What you will do:
What you give back from the listing below should be an exact copy of the lines from the one with "Parotta (3 Pcs) With Mushroom Pepper Masala" down to the one with "Building Photo - 4704 Sunset Trail", and it should contain no pictures.

____ Records for the task

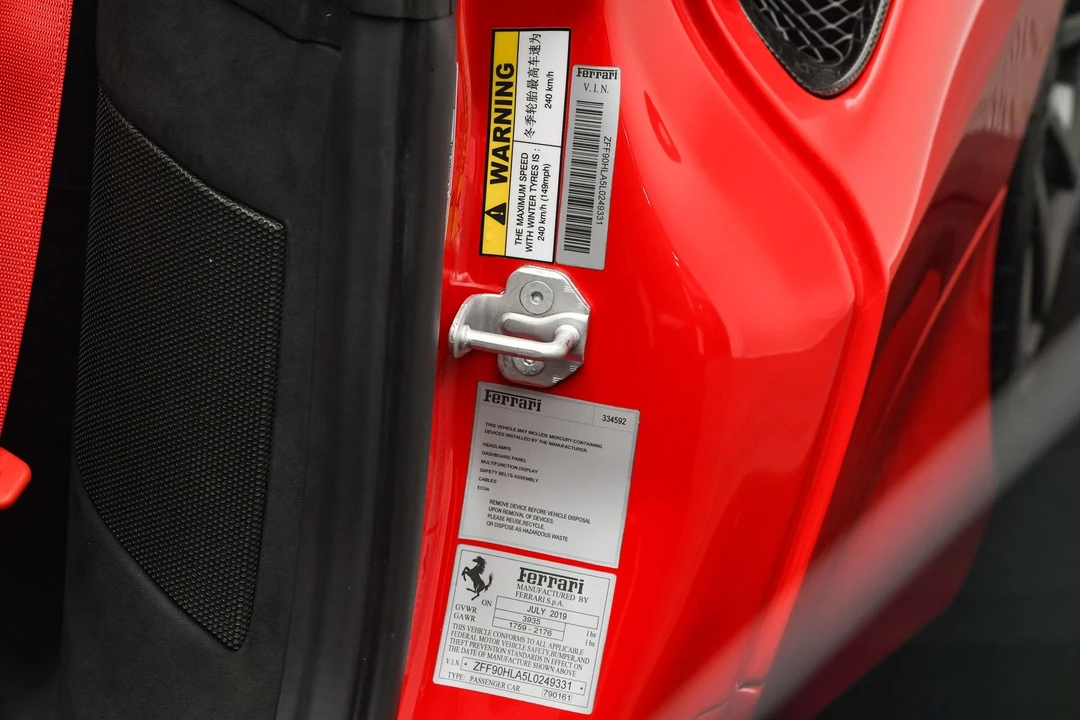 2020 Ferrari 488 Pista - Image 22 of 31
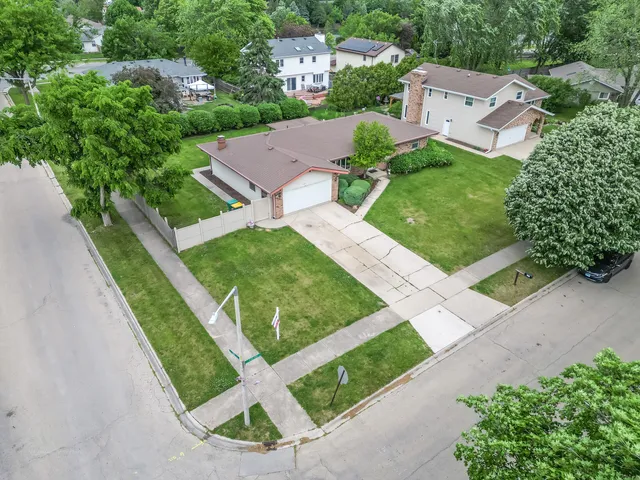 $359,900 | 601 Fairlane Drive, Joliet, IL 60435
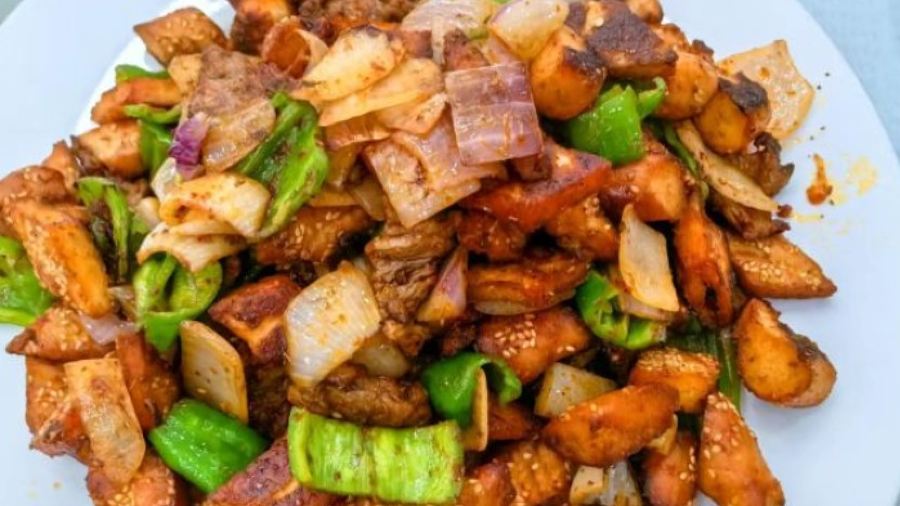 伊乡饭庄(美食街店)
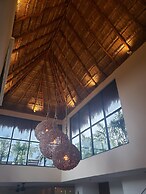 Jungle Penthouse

________
____ Records for the task

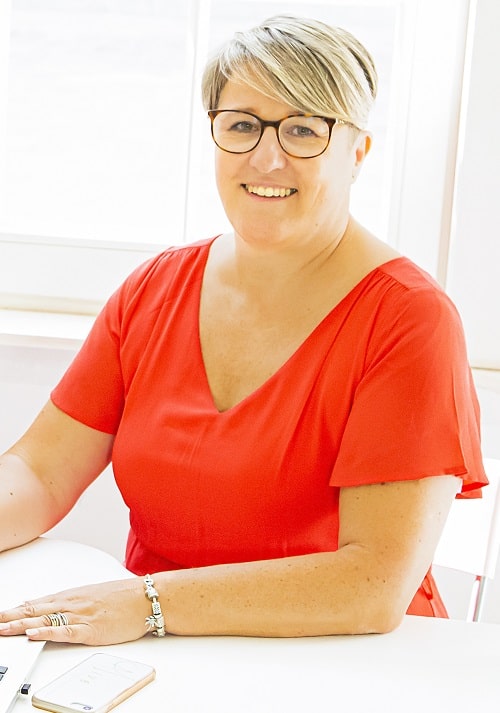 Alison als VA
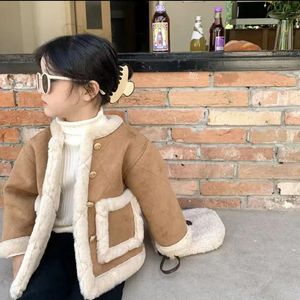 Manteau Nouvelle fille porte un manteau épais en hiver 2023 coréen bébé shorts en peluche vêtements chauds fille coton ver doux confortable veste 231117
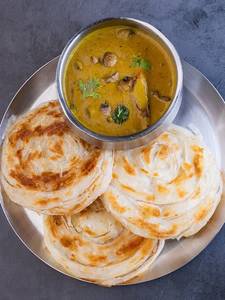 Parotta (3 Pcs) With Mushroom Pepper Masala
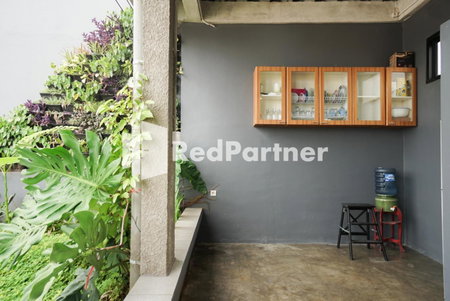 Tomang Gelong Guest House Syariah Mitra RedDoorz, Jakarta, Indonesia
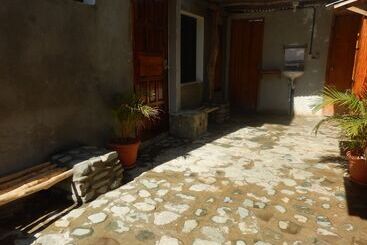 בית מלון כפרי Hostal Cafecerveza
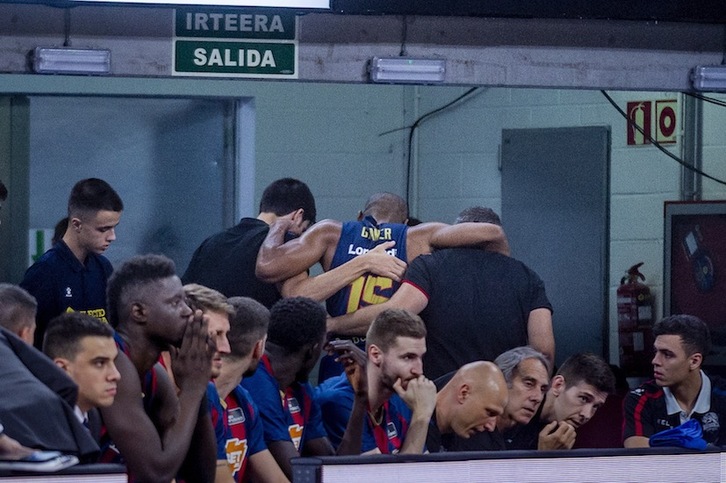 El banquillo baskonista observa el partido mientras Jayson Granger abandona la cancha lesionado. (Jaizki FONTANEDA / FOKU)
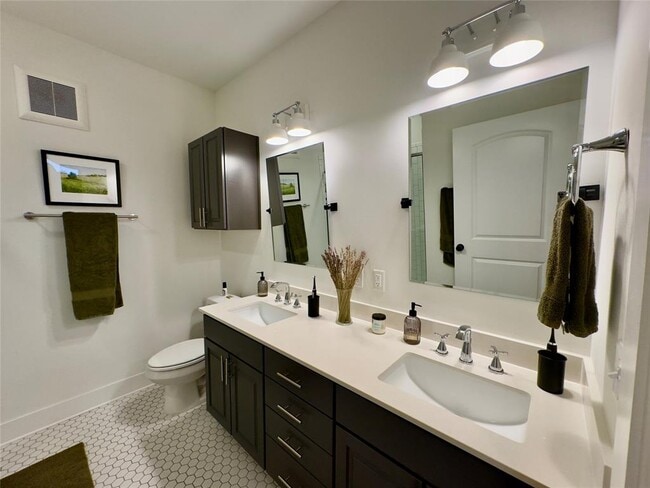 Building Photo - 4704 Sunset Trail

________
____ Records for the task

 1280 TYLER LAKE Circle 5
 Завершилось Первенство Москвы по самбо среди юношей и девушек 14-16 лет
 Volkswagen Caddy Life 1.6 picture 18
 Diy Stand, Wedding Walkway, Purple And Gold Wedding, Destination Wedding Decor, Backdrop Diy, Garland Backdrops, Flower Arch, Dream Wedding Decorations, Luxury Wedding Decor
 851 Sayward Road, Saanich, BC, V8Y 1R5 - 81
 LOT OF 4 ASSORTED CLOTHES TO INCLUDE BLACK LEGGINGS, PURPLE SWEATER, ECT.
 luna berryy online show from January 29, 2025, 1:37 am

________

Expected answer:
 Parotta (3 Pcs) With Mushroom Pepper Masala
 Tomang Gelong Guest House Syariah Mitra RedDoorz, Jakarta, Indonesia
 בית מלון כפרי Hostal Cafecerveza
 El banquillo baskonista observa el partido mientras Jayson Granger abandona la cancha lesionado. (Jaizki FONTANEDA / FOKU)
 Building Photo - 4704 Sunset Trail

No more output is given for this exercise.